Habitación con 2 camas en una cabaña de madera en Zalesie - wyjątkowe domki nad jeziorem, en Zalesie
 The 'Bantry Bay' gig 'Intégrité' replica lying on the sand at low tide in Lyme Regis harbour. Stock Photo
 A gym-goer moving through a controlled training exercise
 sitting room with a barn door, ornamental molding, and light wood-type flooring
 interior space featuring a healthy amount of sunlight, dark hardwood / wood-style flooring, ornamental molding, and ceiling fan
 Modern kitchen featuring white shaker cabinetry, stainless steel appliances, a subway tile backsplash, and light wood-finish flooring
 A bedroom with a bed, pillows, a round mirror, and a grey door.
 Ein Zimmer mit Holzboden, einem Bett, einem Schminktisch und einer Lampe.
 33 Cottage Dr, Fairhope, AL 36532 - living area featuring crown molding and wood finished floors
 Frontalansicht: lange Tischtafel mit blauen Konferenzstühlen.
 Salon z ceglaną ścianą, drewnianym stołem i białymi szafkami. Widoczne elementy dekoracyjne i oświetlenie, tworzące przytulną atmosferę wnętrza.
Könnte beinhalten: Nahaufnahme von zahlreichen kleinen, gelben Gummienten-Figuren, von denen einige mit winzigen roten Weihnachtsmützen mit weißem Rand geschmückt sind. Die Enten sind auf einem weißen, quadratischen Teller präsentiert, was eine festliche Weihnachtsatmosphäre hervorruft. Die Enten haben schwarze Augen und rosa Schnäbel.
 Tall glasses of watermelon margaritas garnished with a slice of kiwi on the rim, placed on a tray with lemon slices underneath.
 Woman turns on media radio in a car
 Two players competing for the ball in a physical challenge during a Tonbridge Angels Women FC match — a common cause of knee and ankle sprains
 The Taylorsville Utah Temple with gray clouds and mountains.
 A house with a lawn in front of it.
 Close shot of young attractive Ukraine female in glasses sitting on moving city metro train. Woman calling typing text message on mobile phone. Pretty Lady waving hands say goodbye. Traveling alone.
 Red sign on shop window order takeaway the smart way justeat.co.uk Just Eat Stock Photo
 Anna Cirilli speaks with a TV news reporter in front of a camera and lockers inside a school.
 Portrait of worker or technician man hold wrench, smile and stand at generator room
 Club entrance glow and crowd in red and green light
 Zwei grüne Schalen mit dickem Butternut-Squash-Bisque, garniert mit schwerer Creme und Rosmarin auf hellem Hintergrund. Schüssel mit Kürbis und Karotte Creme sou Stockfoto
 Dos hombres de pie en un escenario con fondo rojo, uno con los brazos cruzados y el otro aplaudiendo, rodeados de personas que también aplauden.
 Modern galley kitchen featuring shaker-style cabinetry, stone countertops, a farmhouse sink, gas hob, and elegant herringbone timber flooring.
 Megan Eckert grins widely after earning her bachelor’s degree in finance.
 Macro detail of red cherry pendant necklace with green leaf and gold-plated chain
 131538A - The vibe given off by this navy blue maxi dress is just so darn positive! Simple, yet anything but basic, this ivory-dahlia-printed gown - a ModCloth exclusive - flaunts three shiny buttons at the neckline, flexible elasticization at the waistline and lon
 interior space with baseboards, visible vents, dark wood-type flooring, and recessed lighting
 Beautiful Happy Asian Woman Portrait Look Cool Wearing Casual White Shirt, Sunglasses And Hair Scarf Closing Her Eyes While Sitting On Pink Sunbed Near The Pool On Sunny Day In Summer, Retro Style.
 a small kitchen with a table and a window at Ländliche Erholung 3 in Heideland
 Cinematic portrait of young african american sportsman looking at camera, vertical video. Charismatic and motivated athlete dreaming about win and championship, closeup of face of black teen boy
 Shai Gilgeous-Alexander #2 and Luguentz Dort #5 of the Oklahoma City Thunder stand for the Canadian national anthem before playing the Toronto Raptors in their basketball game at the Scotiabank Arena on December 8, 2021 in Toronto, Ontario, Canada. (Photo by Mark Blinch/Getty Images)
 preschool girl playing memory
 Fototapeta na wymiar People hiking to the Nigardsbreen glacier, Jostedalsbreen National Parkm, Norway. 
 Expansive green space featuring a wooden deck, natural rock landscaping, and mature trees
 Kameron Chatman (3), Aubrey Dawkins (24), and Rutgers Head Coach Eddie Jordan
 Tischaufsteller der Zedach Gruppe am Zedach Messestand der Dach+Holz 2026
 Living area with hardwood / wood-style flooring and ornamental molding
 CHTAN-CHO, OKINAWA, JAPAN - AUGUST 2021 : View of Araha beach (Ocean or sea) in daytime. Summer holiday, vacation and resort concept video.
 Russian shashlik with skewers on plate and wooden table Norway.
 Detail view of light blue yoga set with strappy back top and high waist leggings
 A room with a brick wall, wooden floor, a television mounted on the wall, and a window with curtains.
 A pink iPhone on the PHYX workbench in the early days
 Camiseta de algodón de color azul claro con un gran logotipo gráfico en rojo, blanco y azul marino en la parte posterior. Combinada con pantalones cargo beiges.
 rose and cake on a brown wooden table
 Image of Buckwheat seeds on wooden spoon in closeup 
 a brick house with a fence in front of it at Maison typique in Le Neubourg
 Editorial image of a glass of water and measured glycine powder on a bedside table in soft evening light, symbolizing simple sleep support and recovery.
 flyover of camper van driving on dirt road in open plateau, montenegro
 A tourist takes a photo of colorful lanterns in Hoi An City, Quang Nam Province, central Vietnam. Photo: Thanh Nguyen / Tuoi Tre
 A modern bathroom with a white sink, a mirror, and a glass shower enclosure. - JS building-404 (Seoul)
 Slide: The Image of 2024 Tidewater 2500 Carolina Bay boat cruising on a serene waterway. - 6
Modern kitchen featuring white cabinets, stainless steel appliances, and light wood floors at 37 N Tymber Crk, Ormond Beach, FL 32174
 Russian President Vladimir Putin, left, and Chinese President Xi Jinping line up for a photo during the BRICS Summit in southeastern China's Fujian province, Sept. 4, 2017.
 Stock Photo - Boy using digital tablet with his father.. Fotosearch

# # # # # # #

**Your assignment**
Look above for the line that contains "Frontalansicht: lange Tischtafel". Starting there, transcribe every line exactly until you have copied the line that contains "Modern galley kitchen".

**Solution**
 Frontalansicht: lange Tischtafel mit blauen Konferenzstühlen.
 Salon z ceglaną ścianą, drewnianym stołem i białymi szafkami. Widoczne elementy dekoracyjne i oświetlenie, tworzące przytulną atmosferę wnętrza.
Könnte beinhalten: Nahaufnahme von zahlreichen kleinen, gelben Gummienten-Figuren, von denen einige mit winzigen roten Weihnachtsmützen mit weißem Rand geschmückt sind. Die Enten sind auf einem weißen, quadratischen Teller präsentiert, was eine festliche Weihnachtsatmosphäre hervorruft. Die Enten haben schwarze Augen und rosa Schnäbel.
 Tall glasses of watermelon margaritas garnished with a slice of kiwi on the rim, placed on a tray with lemon slices underneath.
 Woman turns on media radio in a car
 Two players competing for the ball in a physical challenge during a Tonbridge Angels Women FC match — a common cause of knee and ankle sprains
 The Taylorsville Utah Temple with gray clouds and mountains.
 A house with a lawn in front of it.
 Close shot of young attractive Ukraine female in glasses sitting on moving city metro train. Woman calling typing text message on mobile phone. Pretty Lady waving hands say goodbye. Traveling alone.
 Red sign on shop window order takeaway the smart way justeat.co.uk Just Eat Stock Photo
 Anna Cirilli speaks with a TV news reporter in front of a camera and lockers inside a school.
 Portrait of worker or technician man hold wrench, smile and stand at generator room
 Club entrance glow and crowd in red and green light
 Zwei grüne Schalen mit dickem Butternut-Squash-Bisque, garniert mit schwerer Creme und Rosmarin auf hellem Hintergrund. Schüssel mit Kürbis und Karotte Creme sou Stockfoto
 Dos hombres de pie en un escenario con fondo rojo, uno con los brazos cruzados y el otro aplaudiendo, rodeados de personas que también aplauden.
 Modern galley kitchen featuring shaker-style cabinetry, stone countertops, a farmhouse sink, gas hob, and elegant herringbone timber flooring.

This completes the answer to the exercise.